▸ INSTRUCTIONS TO FOLLOW
Retype the lines below exactly, from the one that contains "Фото 5 - Kia EV6" through the last, and leave every picture out.

=== THE DATA ===

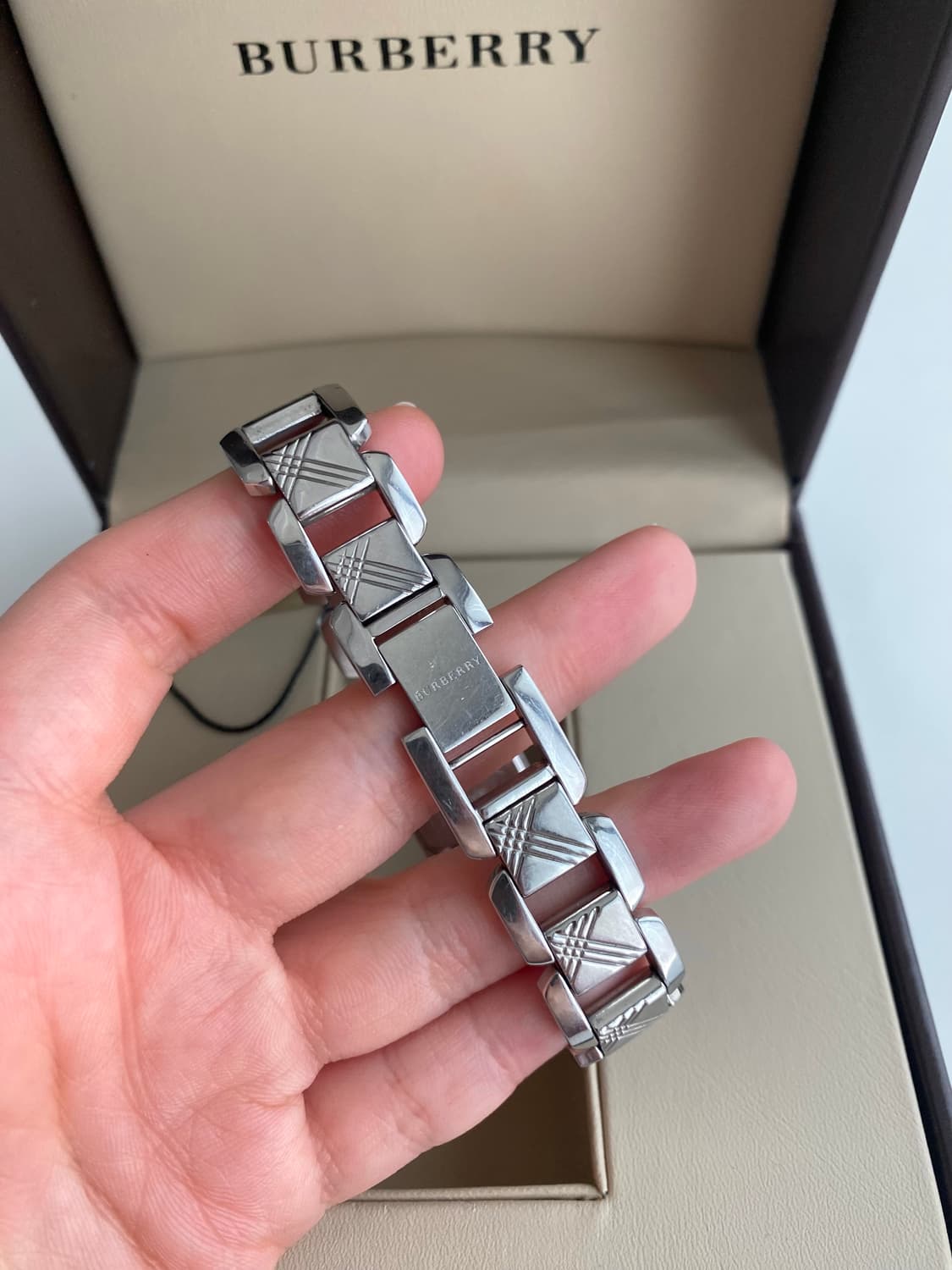 Burberrys 버버리 노바체크 브레이슬릿 스퀘어 쿼츠 상품이미지5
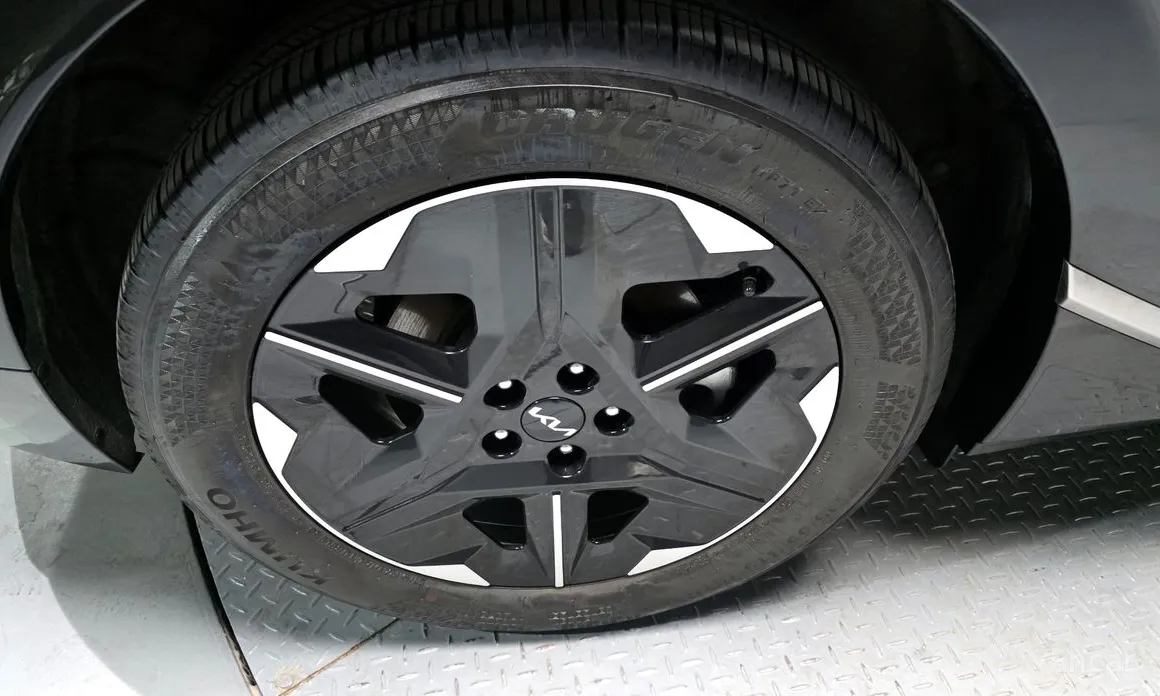 Фото 5 - Kia EV6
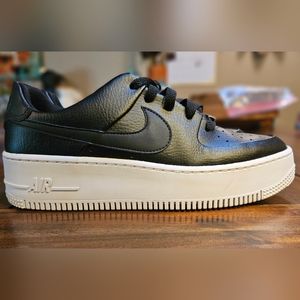 Sz 9 Air force1's Womens Nike platform air force 1 sage low, worn once to try on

===

▸ ANSWER TO THE PROBLEM
 Фото 5 - Kia EV6
 Sz 9 Air force1's Womens Nike platform air force 1 sage low, worn once to try on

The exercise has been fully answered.